• kelime anlamı olarak ittifak ile aynı manaya gelmektedir.
    itilaf devletleri kendi aralarında bir ittifak oluşturmuş, ittifak devletleri de kendi aralarında itilafa varmışlar, yani birbirleri ile uzlaşmışlardır. aslında her ikisi de itilaf, aynı zamanda da ittifak halindedirler ama grupları birbirinden ayırmak adına aynı anlama gelen farklı kelimeler kullanılmıştır.
    bu her iki grup da birbirine karşı ihtilaf halindedir.
  • ihtilaf ile karıştırılmaması gereken kelime
  • (bkz: fikirdaş)
  • arapçayı çok zengin, türkçeyi fakir bir dil olarak gören cahillerin ittifak, ihtilaf kelimeleri yanında aynı cümle içinde kullanıldığında ne kadar anlamsız laf salatası oluşturduğunu görmezden geldikleri kelimedir.

    ittifak, müttefik, ihtilaf, muhtelif, itilaf, telif türevleri de dikkate alınırsa birbirine bu kadar benzeyen kelimelerin bu kadar ayrı alakasız bazen de zıt anlamlar içermesi bir dilin zenginliği olamaz. bu özelliklerde olan sadece arap dili değildir. tüm sami dillerinde benzer sorunlar vardır. bu dillerle dünyayı anlayan insanların, bir süre sonra muğlak ifadelerle insanları kandırmaları, önce itilaf halindeyken sonra ihtilafa düşmeleri, söz verip tutmamaları bu yüzdendir. dini bu dillere indirgeyenlerin bu kadar taraftar toplamaları ve bu dillerin inceliklerine sahip olanların siyasette başarılı olmalarının sebebi de budur.

    türkçe konuşup türkçe düşünen özü sözü doğru insanların anladığı islam diniyle, bu arapçıların kakalamaya çalıştıkları din arasındaki farkın da kaynağı budur.

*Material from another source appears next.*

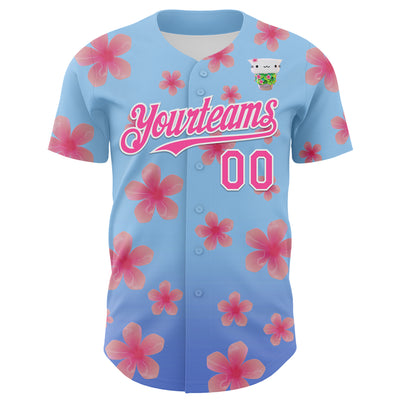 Custom Light Blue Pink-White 3D Cindy Suen Flowers Bloom Authentic Baseball Jersey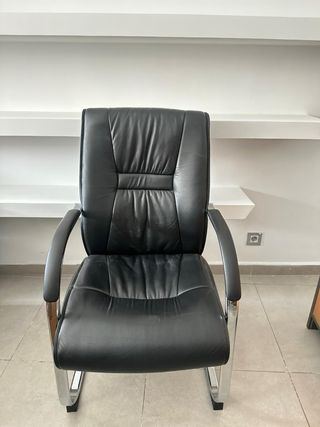 Lote 6 Sillas Oficina Negras Cuadradas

    itilaf gibi laf salatalarını kullanan hatta bu isimde (hürriyet ve itilaf) parti kurup birinci "cihan" "harbi" sonunda sevr anlaşmasını imzaladıktan sonra, kurtuluş "savaşında" ihanet eden "satkın" ve "sapkınların" hala bu memlekette "itibar" görmeleri de bu yüzdendir. "itilafı" sevr "anlaşmasında", "hürriyetlerini" de "iltica" ettikleri avrupada bulmaları tesadüf değildir. biz onları "saygın" olarak kabul etmiyoruz. onlar "satkın" dır. esas "saygın" olan "önder", bunları tanıyıp anlayalım diye servetini türk dil kurumuna bırakan "onurlu" bir insandır, atamızdır. biz başkalarına "sığınıp" "özgürlüğümüzden" vazgeçmiyoruz. kısaca şunu diyoruz: "ya bağımsızlık ya ölüm"

    düzeltme: farkın - da ayrıldı
  • bugüne dek bilmemiş olduğum kelimedir. ancak üstteki yazar beni aydınlattı. ingilizce ne kadar adi bir dilmiş. "you", hem sen hem siz anlamına geliyor. bu yüzden dünya kargaşa içinde.
  • ihtilaf sözcüğüyle karıştırılan sözcük.

    itilaf: anlaşma, uyuşma, uzlaşma.
    ihtilaf: anlaşmazlık, aykırılık, ayrılık, uyuşmazlık.
  • arapça'da “alışmak, sevmek, dostlukta bulunmak” anlamarına gelen "elf" kökünden türemiştir.
    "birlikte olup alışma, ünsiyet etme, ülfet etme, uyuşma, anlaşmaya varma" anlamlarına gelir. ayrıca edebiyatta üslubun manaya/söylenilene uygun olması durumunu karşılamak için kullanılır.
  • ecenebi dilinde kendilerine allied derler.

    birinci dünya savaşında kendilerine allied, karşı tarafa central powers derler.
    ikinci dünya savaşında kendilerine allied, karşı tarafa axis derler. ) axis denmesinin sebebi ilk başta berlin-roma axis'i denildiği içinmiş.

    türkçede birinci dünya savaşında onlara itilaf, bu tarafa ittifak devletleri denir. ikinci dünya savaşında müttefikler ve mihver ülkeleri tanımlaması kullanılır.